None of this degree hoarding activity has anything to do with architecture or photography, but I’m getting there. Along the way, I’ve always been a very creative person, and I have been devoted to music from a young age. I started on piano and learned saxophone when I got to elementary school. I focused on jazz, and in college I became a semi-professional musician. I played in a 20-piece big band that performed at weddings and other events. Each winter we took a trip to Aruba to play at some of the hotels and resorts there. I haven’t played the sax since then, but I still play jazz piano and also jazz organ.
So that’s my creative background. When I moved to Las Vegas several years ago, I already had a strong interest in photography. My interest grew after visiting all the national parks that surround Las Vegas. I fell in love with landscape photography, and I started to sell my work in different venues.

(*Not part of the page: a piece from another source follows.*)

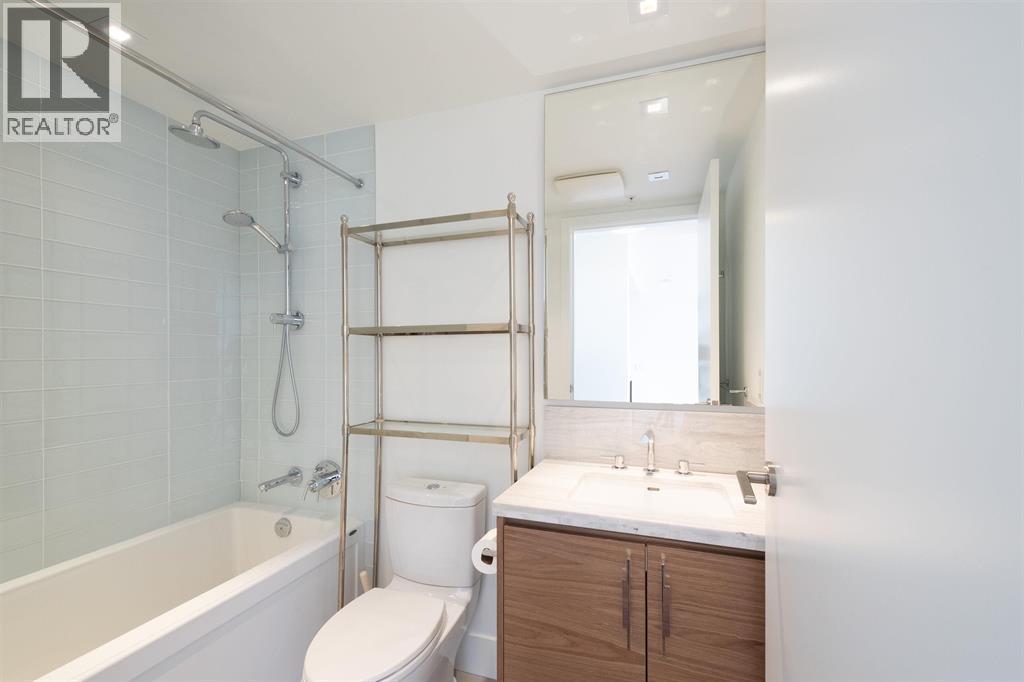 703 111 E 13th Street, North Vancouver, British Columbia  V7L 0C7 - Photo 12 - R3073484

But I wanted more from photography. I loved it so much I wanted to make it my career. Around the same time, I discovered my attraction to architecture. I don’t know what there is about it, but when I enter a beautiful hotel or office building, a sleek, modern restaurant, or a restored historic building, I often feel a compelling desire to photograph it. It just speaks to me on some level. I started to realize I was drawing inspiration from architecture and design.
Maybe it’s time for another degree.
Absolutely not! I’m finished with school! I never studied architecture in school, although it’s one of my hobbies now. I like to read about the history of architecture as well as the current trends and developments. But I’m not an architect, and I never wanted to be one. Through photography, however, I have discovered my interest in exploring architecture and design. Even more than the national parks, architecture inspires my desire to make great photographs, and I’ve devoted myself to architectural photography.
I think the bottom line is I’m a creative person, and that’s the way I’ve always been. Maybe I’m an artist--at least I try to be. Whether it be in music or in photography, I love creating something beautiful. In architectural photography, my art serves the architect and designer. Your work always takes precedence, but through my photography I get to tell your story and help you share what you’ve accomplished. As you explore my portfolio of architectural photography, I hope you recognize my dedication both to architecture and to its photography.
It’s been a journey, but I’ve found my way here, and my heart tells me this time I’m here to stay.